Continued analysis of the impact of federal budget proposals on state coffers raises alarms about the proposed elimination of the Low Income Home Energy Assistance Program (LIHEAP), which offers assistance to more than 6 million low-income households to afford heating and cooling. Payments under the program typically go directly to utility companies. 

Temperatures reaching record highs in many parts of the country this week underscore the need for energy assistance programs as a matter of public health. Low-income households typically have higher energy burdens in their homes due to poor insulation, drafts, or an inability to afford repairs to areas like windows and doors. LIHEAP supports low-income households with members especially vulnerable to extreme weather conditions. In fiscal 2023, the program reached 2.1 million households where a resident had a disability; nearly 1 million households with small children; and 2.4 million households which included an elderly person. In places like Maricopa County, Arizona, extreme heat has been deadly, with nearly 600 people dying from heat-related conditions in 2024 in that county alone. 

Research from the United States Department of Agriculture’s Economic Research Service draws a clear line between energy assistance and food security. When faced with difficult financial decisions, families often choose between keeping the air conditioning on and purchasing enough food. Failure to maintain adequate support for LIHEAP could have dire consequences for well-being in low-income families, especially those with children.

In Nebraska, more than 43,000 households received assistance under LIHEAP in Fiscal Year 2022, the most recent year for which data was available. Of those, 77% included a vulnerable family member. The majority of the assistance, about 82%, went to assistance for heating and cooling during extreme cold and heat. 

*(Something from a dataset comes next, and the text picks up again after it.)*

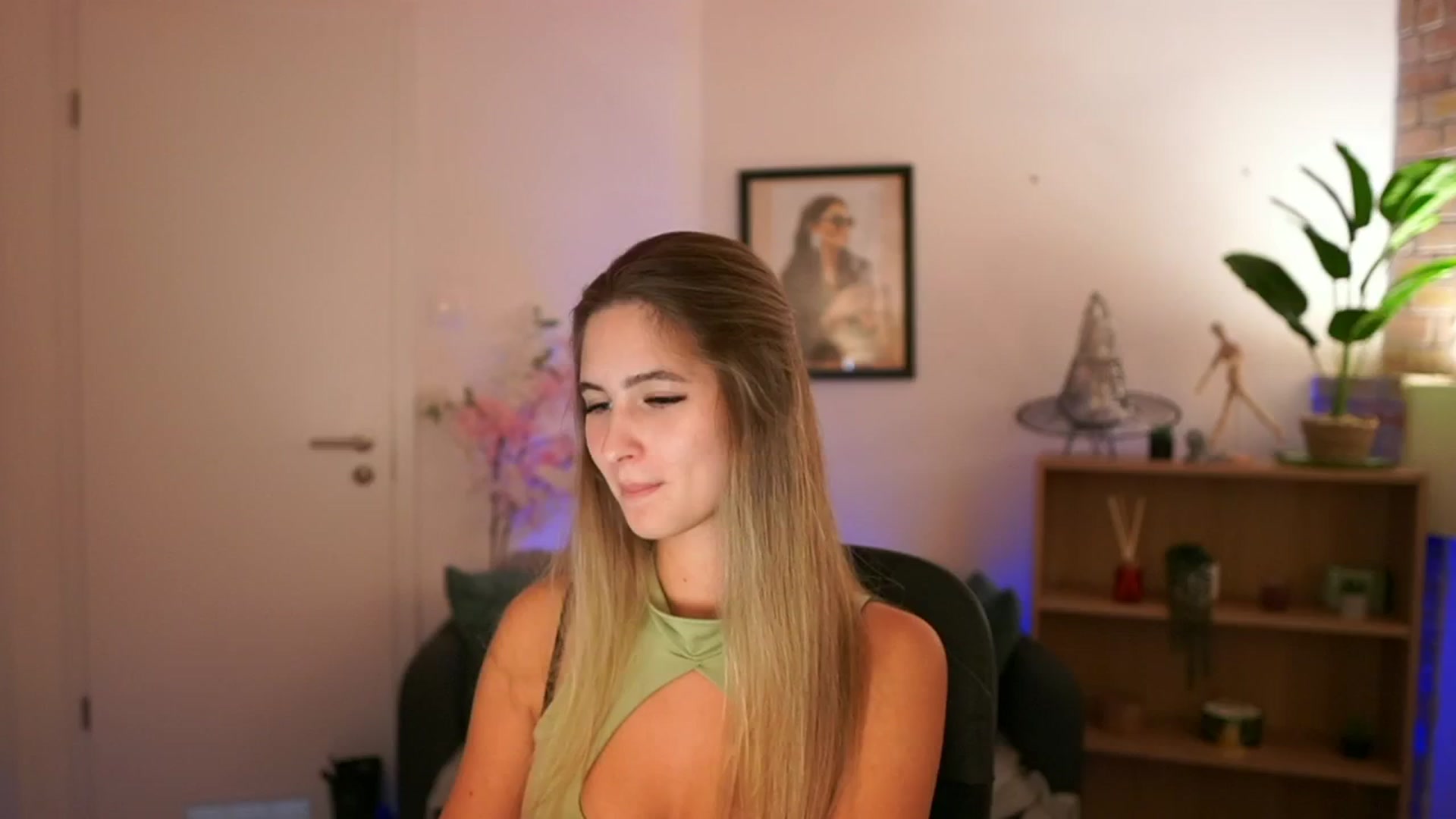 Gallery image thumbnail from CuteGirl_18's myfreecams stream on, 11/28/2024, 19:05 image 19 of 20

Particularly in light of the historic cuts Congress is considering to food assistance and health care in the reconciliation process, eliminating LIHEAP in the president’s proposed budget would be especially deadly. 

 

21.4 Million

New estimates from Wakely Consulting, a healthcare actuarial firm which analyzed several proposed changes to state insurance Marketplace enrollment provisions outlined in the reconciliation package currently under consideration in the Senate, estimated that between 11.2 and 13.6 million Americans would lose coverage under the Affordable Care Act (ACA) should pending legislation pass as written. Combined with the 7.8 million Americans the Congressional Budget Office estimates will lose Medicaid coverage due to more stringent work requirements with medical exemptions that are more difficult to prove, up to 21.4 million Americans would lose health coverage. To put this number in perspective, that’s about the population of Nebraska and every one of its neighboring states combined, according to Census data

Wakely analyzed several provisions in aggregate, including expiration of premium tax credits, ending ACA marketplace coverage for Deferred Action for Childhood Arrivals Recipients, shortening the open enrollment period, automatic re-enrollment provisions, cost-sharing reductions for states related to abortion care, marketplace eligibility changes for lawfully present immigrants, and verification policies that would eliminate passive re-enrollment and conditional eligibility for Marketplace assistance. If each of these provisions were to go into effect, they estimate the individual market enrollment could drop by up to 57% in 2026, leaving between 10 and 12.5 million enrollees remaining in the marketplace. Those who do remain would likely see a substantial increase in their premiums due to more healthy participants leaving the pool and an increased rate of morbidity.

Wakely’s analysis does not account for other factors that could reasonably be expected to change marketplace coverage, including limitations on Medicaid provider taxes, which may reduce access to Medicaid and drive consumers to the health care exchanges, increasing the number of people impacted. 

This picture is evolving rapidly. On Thursday, June 26th, several of these harmful provisions hit procedural roadblocks in the Senate when the parliamentarian ruled they violated the Senate Byrd rules, which allow senators to block legislation from the reconciliation process if it would significantly increase the federal deficit beyond a ten-year term or is otherwise considered policymaking not related to fiscal matters.

The Senate Finance Committee is expected to revisit these sections to try to make them compliant with the Byrd rules. Congressional leadership’s ability to pass their desired tax cuts for the wealthy hinges on their making these cuts to Medicaid and SNAP. 

 

25%

On Tuesday, U.S. Senator Mazie K. Hirono (D-HI) convened a group of lawmakers in a hearing to draw attention to a provision of the reconciliation package that for the very first time would create a federal voucher-like scholarship tax credit  to subsidize private school education. The tax credit for donations to private scholarship granting organizations would be 100% for donations of cash or stock, an unprecedented incentive in the federal tax code with nearly three times the incentive for all other charitable giving. 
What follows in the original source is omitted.